**Problem to solve:** Search the material below for the string "from" and extract each line that has it.
-- Data listing follows --
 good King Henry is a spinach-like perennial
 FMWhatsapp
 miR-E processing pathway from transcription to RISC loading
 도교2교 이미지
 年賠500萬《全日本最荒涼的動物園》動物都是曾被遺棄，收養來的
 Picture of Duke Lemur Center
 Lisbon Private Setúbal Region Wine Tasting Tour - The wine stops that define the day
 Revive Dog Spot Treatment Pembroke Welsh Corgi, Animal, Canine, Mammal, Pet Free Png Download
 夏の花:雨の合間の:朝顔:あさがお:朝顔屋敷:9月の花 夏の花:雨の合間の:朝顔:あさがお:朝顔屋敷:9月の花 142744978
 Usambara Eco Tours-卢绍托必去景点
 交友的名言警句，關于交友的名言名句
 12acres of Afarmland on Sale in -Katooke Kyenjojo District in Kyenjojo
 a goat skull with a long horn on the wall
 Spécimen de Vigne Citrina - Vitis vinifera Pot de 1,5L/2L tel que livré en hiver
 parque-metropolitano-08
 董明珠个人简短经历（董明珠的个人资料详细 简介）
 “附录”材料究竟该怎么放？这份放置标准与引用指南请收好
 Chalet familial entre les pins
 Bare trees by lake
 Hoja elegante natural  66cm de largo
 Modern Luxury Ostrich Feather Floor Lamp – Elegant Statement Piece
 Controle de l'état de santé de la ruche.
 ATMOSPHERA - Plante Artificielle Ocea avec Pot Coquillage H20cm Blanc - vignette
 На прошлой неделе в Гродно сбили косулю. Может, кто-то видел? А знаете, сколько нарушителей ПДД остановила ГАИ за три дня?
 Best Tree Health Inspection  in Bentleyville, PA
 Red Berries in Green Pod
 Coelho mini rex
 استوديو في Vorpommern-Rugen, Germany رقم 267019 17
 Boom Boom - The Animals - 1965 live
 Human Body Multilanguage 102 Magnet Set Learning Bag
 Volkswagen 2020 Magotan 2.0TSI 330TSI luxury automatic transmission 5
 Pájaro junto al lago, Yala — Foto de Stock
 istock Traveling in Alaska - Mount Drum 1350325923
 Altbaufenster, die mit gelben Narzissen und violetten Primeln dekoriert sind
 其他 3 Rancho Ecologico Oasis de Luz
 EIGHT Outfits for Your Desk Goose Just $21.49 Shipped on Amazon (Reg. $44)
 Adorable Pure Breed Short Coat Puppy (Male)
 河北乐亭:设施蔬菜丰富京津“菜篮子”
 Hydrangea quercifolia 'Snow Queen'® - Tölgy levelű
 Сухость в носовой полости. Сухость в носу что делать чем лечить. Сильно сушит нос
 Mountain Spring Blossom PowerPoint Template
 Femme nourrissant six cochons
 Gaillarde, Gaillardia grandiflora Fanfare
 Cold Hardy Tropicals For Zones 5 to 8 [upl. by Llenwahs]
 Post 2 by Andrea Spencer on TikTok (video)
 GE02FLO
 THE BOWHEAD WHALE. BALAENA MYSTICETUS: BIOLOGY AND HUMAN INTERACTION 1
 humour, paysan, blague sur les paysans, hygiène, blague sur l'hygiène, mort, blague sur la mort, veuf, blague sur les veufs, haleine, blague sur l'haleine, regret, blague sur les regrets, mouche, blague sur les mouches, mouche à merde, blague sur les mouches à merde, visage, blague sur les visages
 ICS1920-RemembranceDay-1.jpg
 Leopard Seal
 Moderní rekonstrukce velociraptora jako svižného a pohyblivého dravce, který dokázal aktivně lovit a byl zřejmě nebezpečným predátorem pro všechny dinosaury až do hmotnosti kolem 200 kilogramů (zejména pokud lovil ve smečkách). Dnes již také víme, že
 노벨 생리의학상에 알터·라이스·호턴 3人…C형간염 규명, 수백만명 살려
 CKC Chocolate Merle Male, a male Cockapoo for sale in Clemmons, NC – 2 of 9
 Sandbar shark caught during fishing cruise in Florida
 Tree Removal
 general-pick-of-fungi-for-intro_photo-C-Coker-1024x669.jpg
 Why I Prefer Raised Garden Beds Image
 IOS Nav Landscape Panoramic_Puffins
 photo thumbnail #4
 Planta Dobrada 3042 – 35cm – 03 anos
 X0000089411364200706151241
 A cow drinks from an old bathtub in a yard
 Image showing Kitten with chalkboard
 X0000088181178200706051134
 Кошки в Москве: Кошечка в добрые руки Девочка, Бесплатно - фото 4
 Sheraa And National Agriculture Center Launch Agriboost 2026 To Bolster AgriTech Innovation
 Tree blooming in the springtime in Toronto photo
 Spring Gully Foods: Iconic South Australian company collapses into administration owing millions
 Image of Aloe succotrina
-- Data listing concluded --
**Output of the task:**
 miR-E processing pathway from transcription to RISC loading
 A cow drinks from an old bathtub in a yard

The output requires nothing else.